MATERIAL PROVIDED:
▬▬▬
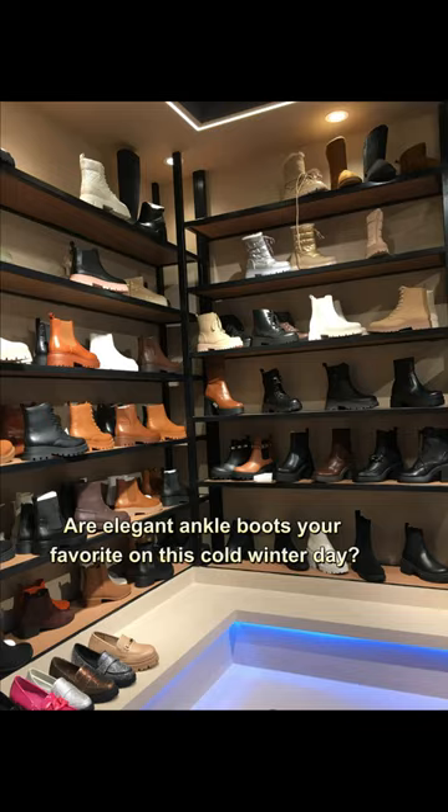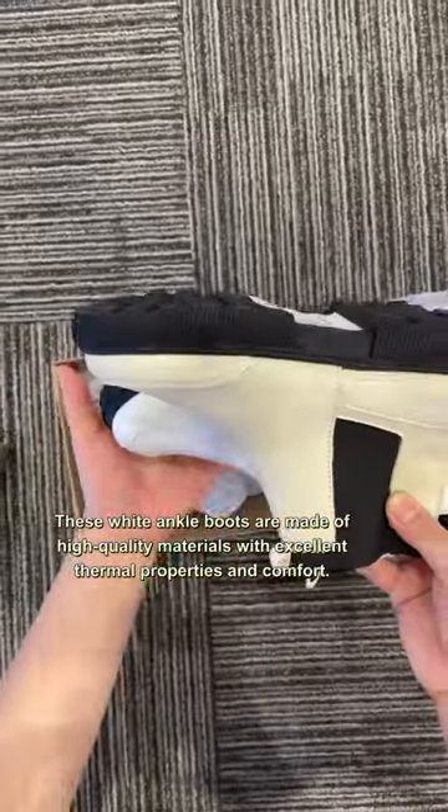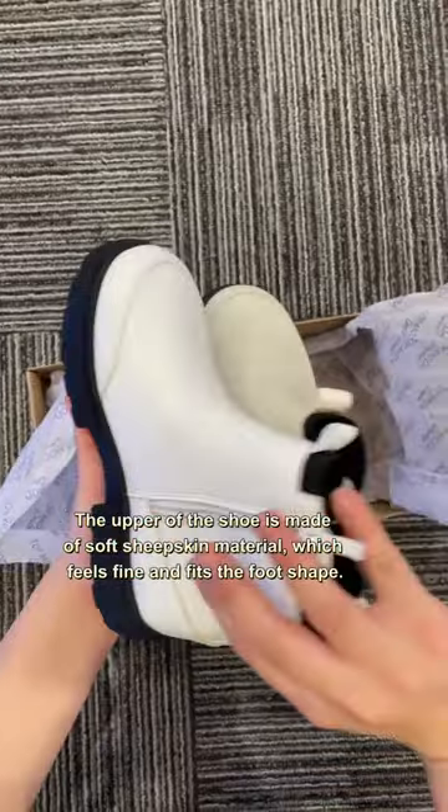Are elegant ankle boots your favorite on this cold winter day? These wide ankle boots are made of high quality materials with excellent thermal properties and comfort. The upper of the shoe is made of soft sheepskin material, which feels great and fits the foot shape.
▬▬▬
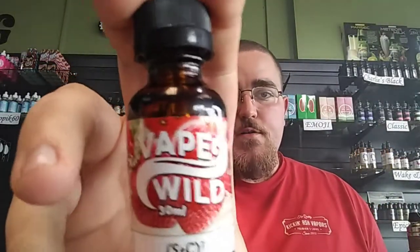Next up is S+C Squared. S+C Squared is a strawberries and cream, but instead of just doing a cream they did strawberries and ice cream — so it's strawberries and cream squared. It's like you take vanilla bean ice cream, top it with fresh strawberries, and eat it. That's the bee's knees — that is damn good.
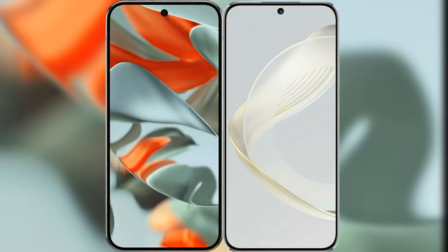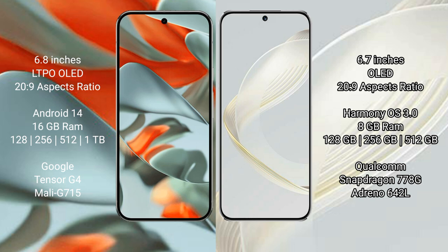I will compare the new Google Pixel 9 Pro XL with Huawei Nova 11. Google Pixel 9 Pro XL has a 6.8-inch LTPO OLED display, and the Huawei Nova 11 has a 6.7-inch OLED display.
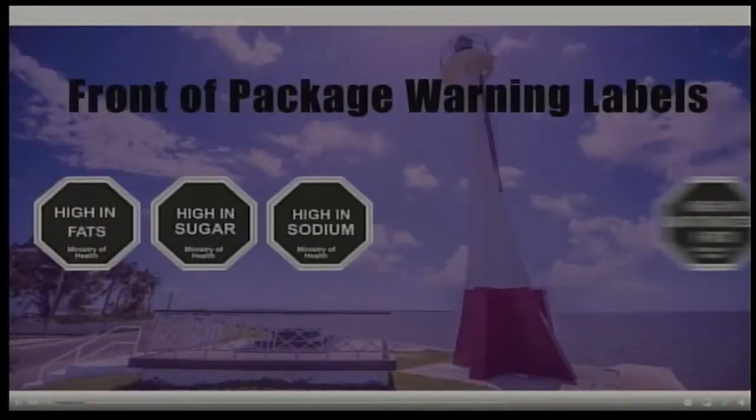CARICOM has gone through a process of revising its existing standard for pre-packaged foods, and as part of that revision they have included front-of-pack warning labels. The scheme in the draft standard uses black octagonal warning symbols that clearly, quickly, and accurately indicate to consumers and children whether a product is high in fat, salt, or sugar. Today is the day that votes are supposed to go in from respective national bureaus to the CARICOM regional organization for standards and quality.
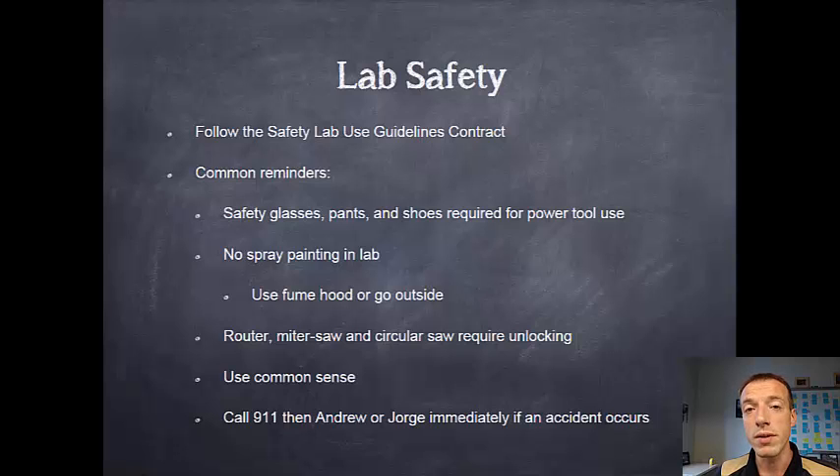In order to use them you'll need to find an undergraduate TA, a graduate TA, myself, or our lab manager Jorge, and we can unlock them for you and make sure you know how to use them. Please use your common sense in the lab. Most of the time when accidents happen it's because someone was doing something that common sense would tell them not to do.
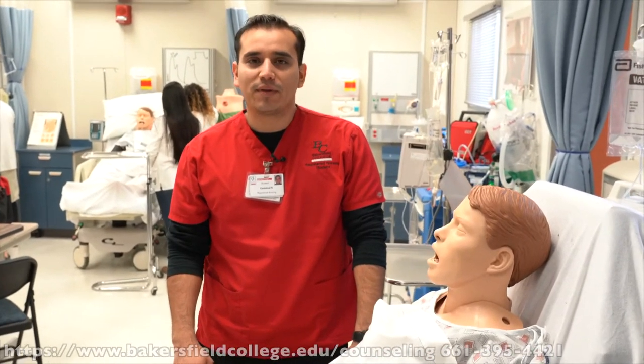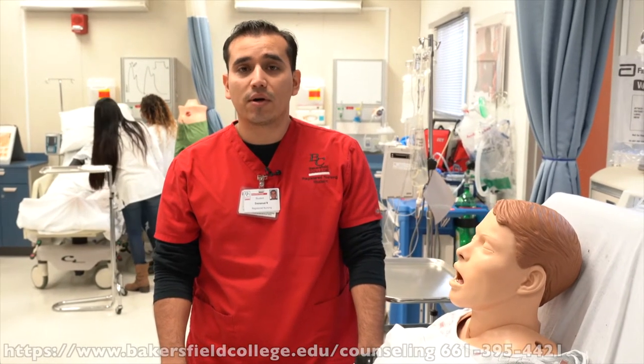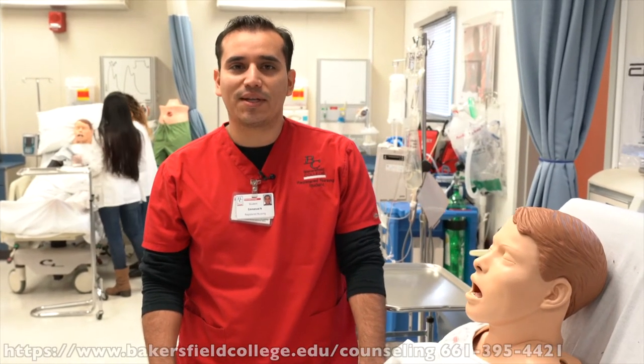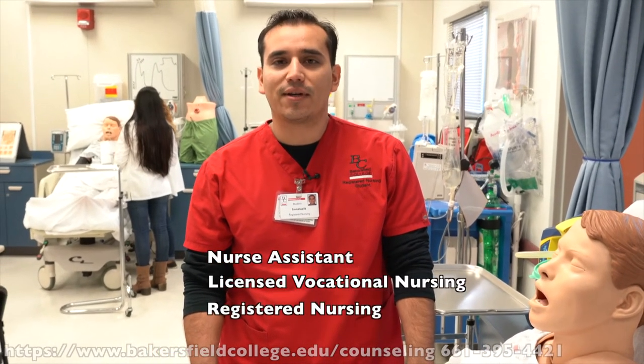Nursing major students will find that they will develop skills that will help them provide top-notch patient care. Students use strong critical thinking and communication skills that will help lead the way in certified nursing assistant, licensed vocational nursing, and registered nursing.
▬▬▬
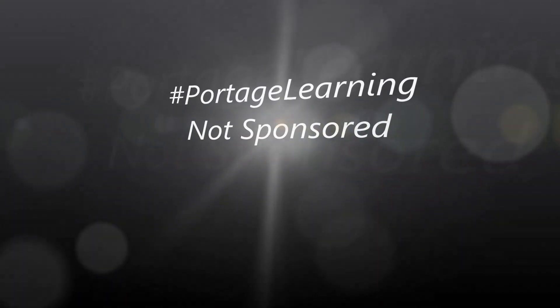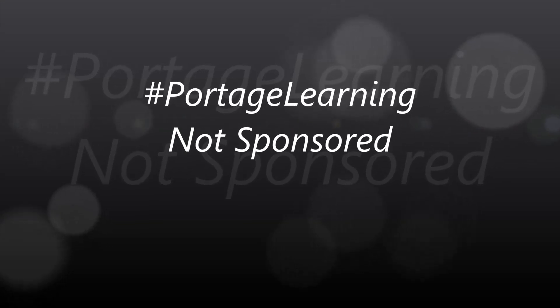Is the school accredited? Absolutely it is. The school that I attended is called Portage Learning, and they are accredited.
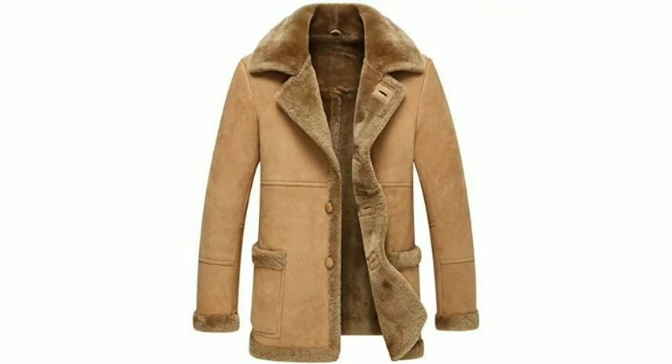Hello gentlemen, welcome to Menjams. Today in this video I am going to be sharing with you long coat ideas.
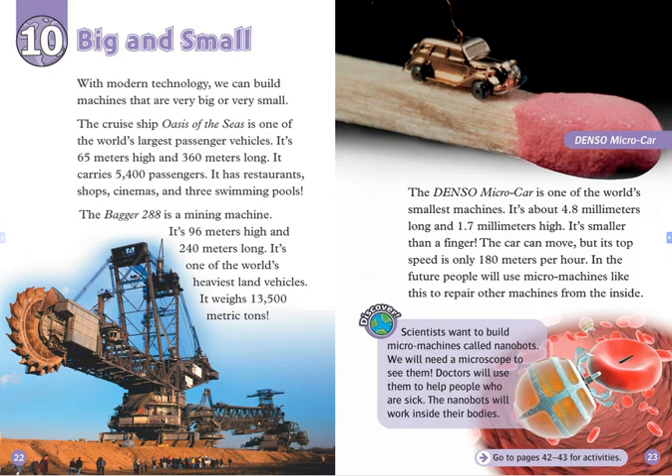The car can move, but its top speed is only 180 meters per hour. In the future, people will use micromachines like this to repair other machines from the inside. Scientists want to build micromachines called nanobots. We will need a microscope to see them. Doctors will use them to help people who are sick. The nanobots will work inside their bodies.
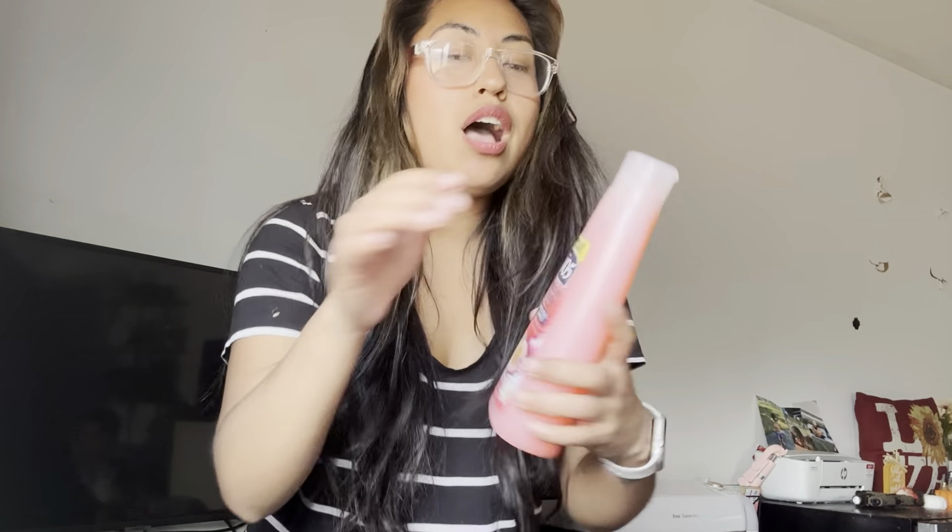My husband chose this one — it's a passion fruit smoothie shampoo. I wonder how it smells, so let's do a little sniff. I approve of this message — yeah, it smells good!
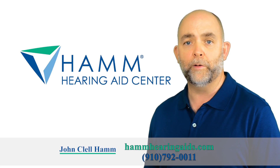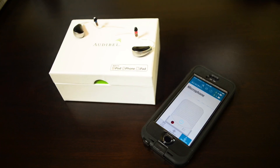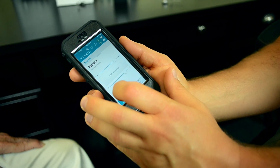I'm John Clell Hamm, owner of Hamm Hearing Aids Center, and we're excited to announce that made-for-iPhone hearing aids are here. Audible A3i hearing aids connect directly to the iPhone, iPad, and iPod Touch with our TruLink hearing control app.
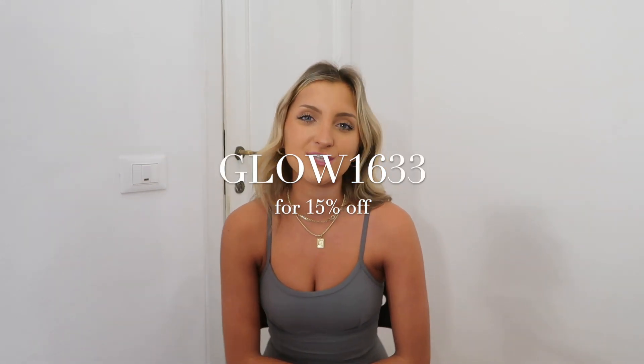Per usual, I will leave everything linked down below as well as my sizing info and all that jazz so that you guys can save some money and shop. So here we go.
▬▬▬
TASK ITEM: Return the stretch of data that begins with the line showing "Hello gentlemen, welcome" and goes on through the line showing "The car can", exactly, with pictures removed.

SOLUTION TO THIS TASK:
Hello gentlemen, welcome to Menjams. Today in this video I am going to be sharing with you long coat ideas.
The car can move, but its top speed is only 180 meters per hour. In the future, people will use micromachines like this to repair other machines from the inside. Scientists want to build micromachines called nanobots. We will need a microscope to see them. Doctors will use them to help people who are sick. The nanobots will work inside their bodies.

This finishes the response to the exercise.